LISTED ENTRIES below:

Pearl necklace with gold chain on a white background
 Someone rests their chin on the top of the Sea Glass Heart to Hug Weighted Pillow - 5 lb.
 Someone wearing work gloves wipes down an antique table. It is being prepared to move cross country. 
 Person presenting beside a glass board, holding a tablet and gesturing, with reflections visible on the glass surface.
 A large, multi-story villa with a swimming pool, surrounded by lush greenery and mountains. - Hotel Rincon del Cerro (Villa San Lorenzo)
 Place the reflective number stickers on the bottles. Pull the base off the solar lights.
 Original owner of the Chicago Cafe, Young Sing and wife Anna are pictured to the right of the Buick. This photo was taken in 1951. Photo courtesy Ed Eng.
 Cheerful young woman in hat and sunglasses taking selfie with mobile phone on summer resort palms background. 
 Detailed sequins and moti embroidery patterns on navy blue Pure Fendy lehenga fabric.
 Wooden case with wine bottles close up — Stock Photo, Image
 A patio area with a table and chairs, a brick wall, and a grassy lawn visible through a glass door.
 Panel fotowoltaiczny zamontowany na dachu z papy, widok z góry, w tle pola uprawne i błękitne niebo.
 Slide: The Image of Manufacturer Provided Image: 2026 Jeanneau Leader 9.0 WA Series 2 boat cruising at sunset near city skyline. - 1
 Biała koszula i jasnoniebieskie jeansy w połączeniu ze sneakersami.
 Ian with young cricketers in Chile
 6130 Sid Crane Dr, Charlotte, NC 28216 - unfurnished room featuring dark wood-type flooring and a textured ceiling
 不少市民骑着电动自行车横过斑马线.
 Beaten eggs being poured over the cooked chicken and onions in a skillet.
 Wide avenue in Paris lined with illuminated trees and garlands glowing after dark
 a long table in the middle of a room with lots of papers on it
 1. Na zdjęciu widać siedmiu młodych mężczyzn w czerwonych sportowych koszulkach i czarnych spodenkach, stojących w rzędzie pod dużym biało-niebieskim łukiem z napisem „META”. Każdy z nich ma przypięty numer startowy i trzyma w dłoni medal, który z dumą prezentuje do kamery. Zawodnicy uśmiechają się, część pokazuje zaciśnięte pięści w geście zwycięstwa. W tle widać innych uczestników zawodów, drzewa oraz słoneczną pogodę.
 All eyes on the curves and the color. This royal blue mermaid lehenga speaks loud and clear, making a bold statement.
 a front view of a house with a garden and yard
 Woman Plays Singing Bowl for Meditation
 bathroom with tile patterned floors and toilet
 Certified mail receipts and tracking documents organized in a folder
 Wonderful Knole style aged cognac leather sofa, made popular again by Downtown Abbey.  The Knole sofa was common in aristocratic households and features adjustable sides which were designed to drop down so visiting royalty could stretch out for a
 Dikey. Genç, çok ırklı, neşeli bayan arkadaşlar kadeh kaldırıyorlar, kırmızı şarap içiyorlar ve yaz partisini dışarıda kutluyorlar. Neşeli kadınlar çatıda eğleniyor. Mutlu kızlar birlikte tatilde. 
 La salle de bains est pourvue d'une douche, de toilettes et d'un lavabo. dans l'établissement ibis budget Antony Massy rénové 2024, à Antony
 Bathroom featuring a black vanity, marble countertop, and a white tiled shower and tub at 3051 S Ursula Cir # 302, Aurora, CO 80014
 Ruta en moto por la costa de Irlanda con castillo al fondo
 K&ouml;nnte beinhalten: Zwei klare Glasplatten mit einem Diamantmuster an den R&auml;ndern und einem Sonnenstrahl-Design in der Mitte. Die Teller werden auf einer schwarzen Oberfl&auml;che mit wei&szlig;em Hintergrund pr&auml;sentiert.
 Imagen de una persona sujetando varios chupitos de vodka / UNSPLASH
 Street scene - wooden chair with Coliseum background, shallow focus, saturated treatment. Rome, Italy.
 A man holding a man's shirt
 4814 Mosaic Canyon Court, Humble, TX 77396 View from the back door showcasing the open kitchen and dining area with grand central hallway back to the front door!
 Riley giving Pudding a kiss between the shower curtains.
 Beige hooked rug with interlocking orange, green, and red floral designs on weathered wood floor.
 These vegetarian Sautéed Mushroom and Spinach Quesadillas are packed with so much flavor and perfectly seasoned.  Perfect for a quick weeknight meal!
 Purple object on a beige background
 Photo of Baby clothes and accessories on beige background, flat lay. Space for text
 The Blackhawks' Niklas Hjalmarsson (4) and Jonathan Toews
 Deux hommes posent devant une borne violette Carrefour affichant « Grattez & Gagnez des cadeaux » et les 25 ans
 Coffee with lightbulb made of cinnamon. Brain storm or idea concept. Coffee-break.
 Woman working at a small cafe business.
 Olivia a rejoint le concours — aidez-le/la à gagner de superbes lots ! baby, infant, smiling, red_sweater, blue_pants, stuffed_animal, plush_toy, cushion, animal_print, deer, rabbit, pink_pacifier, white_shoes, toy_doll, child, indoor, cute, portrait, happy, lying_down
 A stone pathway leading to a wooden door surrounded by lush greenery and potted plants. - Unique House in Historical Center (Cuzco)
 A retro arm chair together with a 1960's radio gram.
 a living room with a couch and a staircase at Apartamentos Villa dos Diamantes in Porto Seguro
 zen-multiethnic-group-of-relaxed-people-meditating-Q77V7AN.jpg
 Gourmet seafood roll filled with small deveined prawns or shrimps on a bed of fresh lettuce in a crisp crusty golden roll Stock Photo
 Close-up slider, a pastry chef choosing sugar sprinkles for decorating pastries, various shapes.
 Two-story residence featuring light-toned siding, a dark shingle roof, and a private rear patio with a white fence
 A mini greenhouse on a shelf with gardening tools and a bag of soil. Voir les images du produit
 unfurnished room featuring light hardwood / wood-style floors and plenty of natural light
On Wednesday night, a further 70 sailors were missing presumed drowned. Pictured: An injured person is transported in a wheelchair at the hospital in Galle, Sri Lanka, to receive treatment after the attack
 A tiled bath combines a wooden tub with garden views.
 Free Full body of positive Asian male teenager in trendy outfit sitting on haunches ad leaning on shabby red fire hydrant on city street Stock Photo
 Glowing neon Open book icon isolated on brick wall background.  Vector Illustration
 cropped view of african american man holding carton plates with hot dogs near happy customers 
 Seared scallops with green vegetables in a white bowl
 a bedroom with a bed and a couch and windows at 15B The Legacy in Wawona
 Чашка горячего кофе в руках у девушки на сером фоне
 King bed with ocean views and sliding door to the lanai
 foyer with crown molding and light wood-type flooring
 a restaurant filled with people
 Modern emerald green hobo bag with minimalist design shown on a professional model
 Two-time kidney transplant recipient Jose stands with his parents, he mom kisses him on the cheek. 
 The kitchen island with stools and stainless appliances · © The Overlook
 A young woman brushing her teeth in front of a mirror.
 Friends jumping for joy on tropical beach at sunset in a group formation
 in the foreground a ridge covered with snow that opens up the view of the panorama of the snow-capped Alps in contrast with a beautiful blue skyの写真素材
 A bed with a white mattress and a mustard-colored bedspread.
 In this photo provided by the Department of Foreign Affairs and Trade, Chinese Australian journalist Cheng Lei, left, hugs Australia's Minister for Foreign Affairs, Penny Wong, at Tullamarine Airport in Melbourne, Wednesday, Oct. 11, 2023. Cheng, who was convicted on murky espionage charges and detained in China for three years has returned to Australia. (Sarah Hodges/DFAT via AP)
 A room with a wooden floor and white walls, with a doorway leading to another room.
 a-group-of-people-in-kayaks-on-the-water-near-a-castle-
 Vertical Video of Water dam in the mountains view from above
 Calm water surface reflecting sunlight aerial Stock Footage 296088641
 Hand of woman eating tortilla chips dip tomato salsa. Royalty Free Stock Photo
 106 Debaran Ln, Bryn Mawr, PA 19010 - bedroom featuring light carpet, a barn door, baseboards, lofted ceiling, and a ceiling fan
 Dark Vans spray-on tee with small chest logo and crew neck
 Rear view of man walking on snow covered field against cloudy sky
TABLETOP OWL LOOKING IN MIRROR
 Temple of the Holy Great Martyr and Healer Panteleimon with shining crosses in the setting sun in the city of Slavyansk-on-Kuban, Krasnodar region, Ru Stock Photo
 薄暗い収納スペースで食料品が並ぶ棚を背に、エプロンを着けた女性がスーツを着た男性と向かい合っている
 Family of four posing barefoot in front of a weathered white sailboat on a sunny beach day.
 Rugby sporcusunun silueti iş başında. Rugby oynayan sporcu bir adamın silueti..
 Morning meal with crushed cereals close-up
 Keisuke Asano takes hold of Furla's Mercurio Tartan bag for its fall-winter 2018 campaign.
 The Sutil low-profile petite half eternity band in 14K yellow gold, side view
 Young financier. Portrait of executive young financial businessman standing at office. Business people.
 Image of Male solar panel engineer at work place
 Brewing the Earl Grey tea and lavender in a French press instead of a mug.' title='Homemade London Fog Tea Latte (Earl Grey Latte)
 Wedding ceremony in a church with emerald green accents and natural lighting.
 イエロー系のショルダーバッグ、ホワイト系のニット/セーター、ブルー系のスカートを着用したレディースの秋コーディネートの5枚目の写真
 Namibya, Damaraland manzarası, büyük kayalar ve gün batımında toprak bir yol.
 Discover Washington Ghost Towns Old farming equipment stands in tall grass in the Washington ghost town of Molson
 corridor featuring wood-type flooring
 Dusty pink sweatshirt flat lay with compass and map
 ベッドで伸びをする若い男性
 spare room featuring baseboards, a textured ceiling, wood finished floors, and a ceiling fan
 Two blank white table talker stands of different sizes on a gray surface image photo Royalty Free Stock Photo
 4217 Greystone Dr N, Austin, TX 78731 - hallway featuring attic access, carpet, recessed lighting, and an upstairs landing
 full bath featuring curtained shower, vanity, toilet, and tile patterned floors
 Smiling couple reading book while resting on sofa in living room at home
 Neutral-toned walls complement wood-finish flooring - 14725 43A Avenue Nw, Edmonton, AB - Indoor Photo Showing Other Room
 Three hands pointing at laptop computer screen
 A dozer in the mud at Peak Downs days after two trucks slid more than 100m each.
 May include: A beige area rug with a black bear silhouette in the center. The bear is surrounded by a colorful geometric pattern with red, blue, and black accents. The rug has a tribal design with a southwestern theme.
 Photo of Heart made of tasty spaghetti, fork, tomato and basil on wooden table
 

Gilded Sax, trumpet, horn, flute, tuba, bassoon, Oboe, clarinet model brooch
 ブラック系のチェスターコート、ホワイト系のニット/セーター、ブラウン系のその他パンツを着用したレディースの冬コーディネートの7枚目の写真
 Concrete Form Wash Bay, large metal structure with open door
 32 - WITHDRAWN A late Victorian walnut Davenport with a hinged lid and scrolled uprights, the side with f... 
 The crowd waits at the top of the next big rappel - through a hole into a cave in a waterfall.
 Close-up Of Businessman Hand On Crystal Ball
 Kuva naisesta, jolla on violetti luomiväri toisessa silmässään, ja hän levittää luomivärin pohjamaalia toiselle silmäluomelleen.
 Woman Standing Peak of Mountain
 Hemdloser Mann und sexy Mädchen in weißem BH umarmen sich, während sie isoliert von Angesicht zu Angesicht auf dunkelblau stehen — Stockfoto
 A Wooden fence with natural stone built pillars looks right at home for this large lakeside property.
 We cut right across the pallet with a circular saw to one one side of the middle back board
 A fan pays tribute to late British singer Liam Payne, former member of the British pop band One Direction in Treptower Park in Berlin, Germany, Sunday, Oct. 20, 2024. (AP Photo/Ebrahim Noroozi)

End of LISTED ENTRIES.

## EXERCISE REQUIREMENTS
Out of the data above, transcribe exactly and only the lines starting with the line that has "ベッドで伸びをする若い男性" and going on through the line that has "full bath featuring", both included.

## WRITTEN REPLY
 ベッドで伸びをする若い男性
 spare room featuring baseboards, a textured ceiling, wood finished floors, and a ceiling fan
 Two blank white table talker stands of different sizes on a gray surface image photo Royalty Free Stock Photo
 4217 Greystone Dr N, Austin, TX 78731 - hallway featuring attic access, carpet, recessed lighting, and an upstairs landing
 full bath featuring curtained shower, vanity, toilet, and tile patterned floors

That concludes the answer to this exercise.